(MONTRÉAL) Avec la propagation fulgurante du variant Omicron, c’est une question que risquent de se poser plusieurs personnes qui se réveilleront un matin avec un grattement dans la gorge, un peu de fièvre et une toux agaçante : est-ce que je pourrais faire quelque chose pour stimuler mon système immunitaire et me débarrasser du virus plus rapidement ?

La réponse courte : non, à part récolter les dividendes de saines habitudes de vie qui auront été adoptées il y a belle lurette plutôt que le jour même de l’apparition des symptômes.

« Les évidences que les suppléments (offerts en pharmacie ou sur internet) peuvent stimuler le système immunitaire pour nous protéger, que ce soit du cancer ou que ce soit des infections incluant la COVID, je pense que ce n’est pas très convaincant, pour être bien honnête », a estimé le docteur André Veillette, qui est immunologue à l’Institut de recherches cliniques de Montréal.

D’autant plus, rappelle-t-il, que la réponse immunitaire n’est pas monolithique et qu’elle est plutôt constituée de plusieurs composantes. On peut donc se demander quelle phase de la réponse immunitaire, par exemple, ces suppléments se proposent de stimuler.

La professeure Caroline Richard, une spécialiste du lien entre l’alimentation et le système immunitaire à l’Université de l’Alberta, abonde dans le même sens en rappelant que « l’alimentation globale a probablement plus d’effet que des suppléments (ou seulement) un nutriment ».

« C’est sûr que ce n’est pas très sexy pour les gens qui cherchent des solutions simples », a-t-elle admis. Le système immunitaire, poursuit-elle, utilise toutes les vitamines et tous les minéraux dans notre alimentation pour être efficace.

Les nutriments dont l’effet bénéfique pour le système immunitaire est le mieux documenté dans la littérature scientifique sont les oméga-3 de source marine (donc ceux qui proviennent de poissons gras comme le saumon ou le maquereau). L’effet anti-inflammatoire des oméga-3 est bien documenté, et une réduction de l’inflammation permettrait ensuite au système immunitaire de fonctionner à pleine vapeur.

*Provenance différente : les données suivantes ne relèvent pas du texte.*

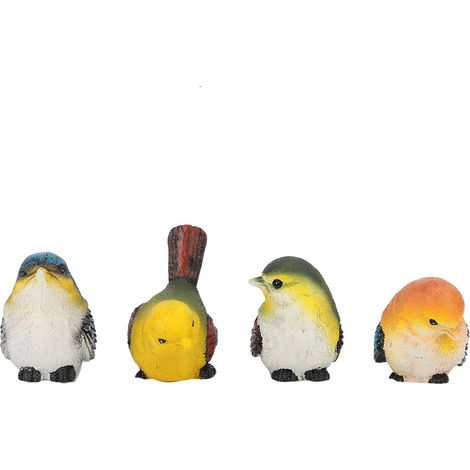 4-teiliges Set Aus Vogel- Und Tierfiguren Aus Kunstharz Zur Dekoration Von Rasen, Garten Und Hof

Autrement, les effets bénéfiques de suppléments de vitamines ou de minéraux seront principalement constatés chez des populations dont l’alimentation n’est pas optimale, a dit Mme Richard.

« Si les gens sont déficients en une vitamine, donc si de façon générale ils n’en consomment pas assez dans leur alimentation puis qu’on supplémente en cette vitamine-là, souvent on peut voir des effets bénéfiques, a-t-elle expliqué. Par contre, la plupart des gens, et surtout en Amérique du Nord, ne sont pas vraiment déficients en vitamines et minéraux. »

Il en va donc de la santé du système immunitaire comme il en va de la santé en général : bien manger, bien dormir, faire de l’activité physique, ne pas fumer et boire de l’alcool en modération sont autant de facteurs de succès.

Et même s’il n’est jamais trop tard pour bien faire, il est inutile (ou presque) d’adopter ces bonnes habitudes au moment où les symptômes apparaissent, prévient Mme Richard, qui dit très bien réaliser que « ce n’est pas ce que les gens veulent entendre ».

« Il faut consommer (les oméga-3) de façon chronique parce que les oméga-3 vont être incorporés dans la membrane cellulaire de toutes nos cellules, a-t-elle expliqué. Ça prend un petit peu de temps, donc ce n’est pas du jour au lendemain, si on commence à prendre des oméga-3, qu’on va observer directement les effets. »

Les nutriments hydrosolubles (comme les vitamines) peuvent avoir un effet plus instantané dans l’organisme, tandis que les nutriments liposolubles doivent être consommés tous les jours pour générer des bienfaits, a-t-elle précisé.

Si on a une alimentation équilibrée, il n’est pas évident qu’on a besoin de suppléments, « mais c’est un gros marché et ça rapporte des milliards de dollars », a dit le docteur Veillette.

« J’ai des membres de ma famille qui prennent des vitamines, je ne m’obstine pas avec eux quand ils me disent ça, mais j’ai hâte qu’ils passent à un autre sujet », a-t-il conclu en riant.